(Beginning of Data under study)

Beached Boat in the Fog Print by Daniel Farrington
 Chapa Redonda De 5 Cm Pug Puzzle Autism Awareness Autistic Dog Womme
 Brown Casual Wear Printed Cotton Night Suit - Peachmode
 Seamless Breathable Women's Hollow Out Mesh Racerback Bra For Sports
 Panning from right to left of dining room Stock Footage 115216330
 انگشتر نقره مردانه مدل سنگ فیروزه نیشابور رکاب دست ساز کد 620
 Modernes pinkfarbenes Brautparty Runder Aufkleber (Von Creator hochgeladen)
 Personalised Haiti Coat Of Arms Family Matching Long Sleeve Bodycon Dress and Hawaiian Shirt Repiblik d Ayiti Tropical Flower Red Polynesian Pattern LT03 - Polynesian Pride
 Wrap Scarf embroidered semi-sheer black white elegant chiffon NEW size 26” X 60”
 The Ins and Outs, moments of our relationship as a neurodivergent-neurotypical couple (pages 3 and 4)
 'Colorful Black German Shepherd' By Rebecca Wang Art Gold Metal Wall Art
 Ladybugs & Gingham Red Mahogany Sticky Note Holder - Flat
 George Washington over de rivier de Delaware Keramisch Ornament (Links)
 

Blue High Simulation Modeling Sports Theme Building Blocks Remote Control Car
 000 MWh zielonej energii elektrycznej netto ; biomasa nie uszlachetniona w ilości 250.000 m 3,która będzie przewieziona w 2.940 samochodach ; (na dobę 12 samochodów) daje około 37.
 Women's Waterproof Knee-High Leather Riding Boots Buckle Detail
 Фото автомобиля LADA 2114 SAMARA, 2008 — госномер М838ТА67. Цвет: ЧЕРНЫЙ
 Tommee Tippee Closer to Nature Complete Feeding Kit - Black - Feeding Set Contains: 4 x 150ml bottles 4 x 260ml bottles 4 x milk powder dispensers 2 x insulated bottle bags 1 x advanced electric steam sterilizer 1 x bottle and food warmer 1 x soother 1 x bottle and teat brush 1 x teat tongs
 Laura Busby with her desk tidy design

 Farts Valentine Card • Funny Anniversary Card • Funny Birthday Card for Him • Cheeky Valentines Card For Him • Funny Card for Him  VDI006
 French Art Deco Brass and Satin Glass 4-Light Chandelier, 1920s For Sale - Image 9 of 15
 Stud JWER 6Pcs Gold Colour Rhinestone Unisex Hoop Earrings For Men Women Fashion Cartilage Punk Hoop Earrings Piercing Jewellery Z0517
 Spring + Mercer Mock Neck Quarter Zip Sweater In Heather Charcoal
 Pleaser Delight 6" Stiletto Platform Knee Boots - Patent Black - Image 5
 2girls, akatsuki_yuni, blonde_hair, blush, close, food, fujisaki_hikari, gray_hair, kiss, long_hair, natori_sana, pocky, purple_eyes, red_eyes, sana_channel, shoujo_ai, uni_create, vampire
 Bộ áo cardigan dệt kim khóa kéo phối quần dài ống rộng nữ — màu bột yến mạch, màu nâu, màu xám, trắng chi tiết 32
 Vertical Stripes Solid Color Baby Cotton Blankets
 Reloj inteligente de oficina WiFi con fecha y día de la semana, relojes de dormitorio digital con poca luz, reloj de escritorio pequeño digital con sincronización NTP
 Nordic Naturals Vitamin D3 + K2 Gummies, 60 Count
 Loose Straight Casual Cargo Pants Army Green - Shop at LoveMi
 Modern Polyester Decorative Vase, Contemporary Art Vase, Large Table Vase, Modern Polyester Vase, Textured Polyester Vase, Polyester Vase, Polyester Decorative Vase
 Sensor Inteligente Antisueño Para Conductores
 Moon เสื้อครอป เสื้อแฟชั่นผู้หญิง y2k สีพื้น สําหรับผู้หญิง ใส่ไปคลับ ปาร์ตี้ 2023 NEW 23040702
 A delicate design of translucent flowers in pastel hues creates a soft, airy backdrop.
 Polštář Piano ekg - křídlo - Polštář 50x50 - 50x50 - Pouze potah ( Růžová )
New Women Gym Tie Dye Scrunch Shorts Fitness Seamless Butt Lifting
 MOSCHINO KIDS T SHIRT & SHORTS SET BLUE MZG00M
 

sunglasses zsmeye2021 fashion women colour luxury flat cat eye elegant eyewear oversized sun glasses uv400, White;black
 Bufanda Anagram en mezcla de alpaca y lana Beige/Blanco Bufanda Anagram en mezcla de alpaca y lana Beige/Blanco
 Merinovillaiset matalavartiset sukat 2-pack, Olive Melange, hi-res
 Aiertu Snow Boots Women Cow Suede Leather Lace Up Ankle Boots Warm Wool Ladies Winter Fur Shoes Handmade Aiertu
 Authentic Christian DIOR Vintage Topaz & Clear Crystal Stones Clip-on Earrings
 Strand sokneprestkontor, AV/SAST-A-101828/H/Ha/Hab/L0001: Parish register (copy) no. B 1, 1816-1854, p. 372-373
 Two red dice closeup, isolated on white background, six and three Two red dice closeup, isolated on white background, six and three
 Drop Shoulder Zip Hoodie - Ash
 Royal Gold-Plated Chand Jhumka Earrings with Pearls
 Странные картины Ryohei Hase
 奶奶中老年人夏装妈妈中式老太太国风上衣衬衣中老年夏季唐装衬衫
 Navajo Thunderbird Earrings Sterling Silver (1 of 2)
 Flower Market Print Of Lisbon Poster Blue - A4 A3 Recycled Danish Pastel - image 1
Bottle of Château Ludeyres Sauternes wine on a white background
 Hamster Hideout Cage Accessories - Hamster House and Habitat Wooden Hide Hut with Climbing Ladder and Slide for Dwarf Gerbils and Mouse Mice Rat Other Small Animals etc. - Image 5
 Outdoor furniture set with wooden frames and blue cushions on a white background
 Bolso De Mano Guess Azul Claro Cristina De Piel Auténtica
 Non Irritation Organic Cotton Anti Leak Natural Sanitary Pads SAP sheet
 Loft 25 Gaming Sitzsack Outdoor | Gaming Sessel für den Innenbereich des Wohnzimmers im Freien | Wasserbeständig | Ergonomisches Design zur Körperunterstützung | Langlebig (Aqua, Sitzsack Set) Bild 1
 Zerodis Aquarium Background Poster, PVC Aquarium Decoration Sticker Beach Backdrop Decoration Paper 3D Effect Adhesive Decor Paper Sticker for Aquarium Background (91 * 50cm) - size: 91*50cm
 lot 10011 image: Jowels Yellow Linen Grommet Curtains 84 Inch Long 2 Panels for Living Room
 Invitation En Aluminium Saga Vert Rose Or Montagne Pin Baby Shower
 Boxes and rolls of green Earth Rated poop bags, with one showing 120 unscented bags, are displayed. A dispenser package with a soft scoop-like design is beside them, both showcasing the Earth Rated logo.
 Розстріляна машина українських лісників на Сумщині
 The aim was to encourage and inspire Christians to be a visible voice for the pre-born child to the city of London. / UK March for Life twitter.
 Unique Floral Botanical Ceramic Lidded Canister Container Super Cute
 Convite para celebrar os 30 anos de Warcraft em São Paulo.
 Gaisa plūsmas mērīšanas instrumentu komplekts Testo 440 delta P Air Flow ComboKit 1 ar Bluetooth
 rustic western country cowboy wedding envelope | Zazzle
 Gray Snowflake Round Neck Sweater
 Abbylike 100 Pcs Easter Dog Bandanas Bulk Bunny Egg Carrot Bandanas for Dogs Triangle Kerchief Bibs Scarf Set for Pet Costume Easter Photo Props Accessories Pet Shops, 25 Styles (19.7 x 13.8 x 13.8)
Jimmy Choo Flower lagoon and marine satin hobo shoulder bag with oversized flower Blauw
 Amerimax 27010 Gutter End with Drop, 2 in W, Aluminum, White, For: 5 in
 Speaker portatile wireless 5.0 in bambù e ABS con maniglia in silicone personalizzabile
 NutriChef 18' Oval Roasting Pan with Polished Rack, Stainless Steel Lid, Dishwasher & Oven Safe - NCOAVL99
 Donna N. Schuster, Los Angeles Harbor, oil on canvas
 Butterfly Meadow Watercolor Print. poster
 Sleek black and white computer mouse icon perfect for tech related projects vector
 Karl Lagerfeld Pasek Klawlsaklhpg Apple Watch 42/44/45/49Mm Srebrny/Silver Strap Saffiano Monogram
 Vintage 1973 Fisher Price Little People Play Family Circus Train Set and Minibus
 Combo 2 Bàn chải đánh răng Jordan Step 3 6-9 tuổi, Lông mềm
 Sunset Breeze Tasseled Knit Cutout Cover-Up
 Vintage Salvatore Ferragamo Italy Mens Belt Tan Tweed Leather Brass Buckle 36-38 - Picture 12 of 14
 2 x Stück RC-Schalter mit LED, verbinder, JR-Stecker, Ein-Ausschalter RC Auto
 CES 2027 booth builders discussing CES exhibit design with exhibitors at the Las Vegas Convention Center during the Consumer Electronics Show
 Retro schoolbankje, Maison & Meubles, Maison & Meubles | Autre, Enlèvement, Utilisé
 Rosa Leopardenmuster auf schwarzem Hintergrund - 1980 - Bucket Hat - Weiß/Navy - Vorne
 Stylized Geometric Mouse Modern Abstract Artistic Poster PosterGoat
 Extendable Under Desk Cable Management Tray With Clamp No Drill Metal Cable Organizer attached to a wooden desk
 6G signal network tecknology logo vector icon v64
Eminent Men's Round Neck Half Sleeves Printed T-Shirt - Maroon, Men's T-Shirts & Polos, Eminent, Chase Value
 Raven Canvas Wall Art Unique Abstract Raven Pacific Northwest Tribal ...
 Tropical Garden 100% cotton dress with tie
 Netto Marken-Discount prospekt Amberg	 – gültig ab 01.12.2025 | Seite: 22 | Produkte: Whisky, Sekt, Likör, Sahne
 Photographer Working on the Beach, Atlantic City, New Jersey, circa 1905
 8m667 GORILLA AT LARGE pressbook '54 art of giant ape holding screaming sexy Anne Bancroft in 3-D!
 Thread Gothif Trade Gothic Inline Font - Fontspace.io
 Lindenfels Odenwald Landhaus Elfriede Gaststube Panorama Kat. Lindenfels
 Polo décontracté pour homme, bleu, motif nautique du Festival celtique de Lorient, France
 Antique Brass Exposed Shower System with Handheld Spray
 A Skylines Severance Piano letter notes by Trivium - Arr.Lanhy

(End of Data under study)

-- How to complete this task --
For this task, write out exactly the lines of the entries above, starting at the line with "Розстріляна машина українських" and ending at the line with "Convite para celebrar", both included, and no others.

-- The answer --
 Розстріляна машина українських лісників на Сумщині
 The aim was to encourage and inspire Christians to be a visible voice for the pre-born child to the city of London. / UK March for Life twitter.
 Unique Floral Botanical Ceramic Lidded Canister Container Super Cute
 Convite para celebrar os 30 anos de Warcraft em São Paulo.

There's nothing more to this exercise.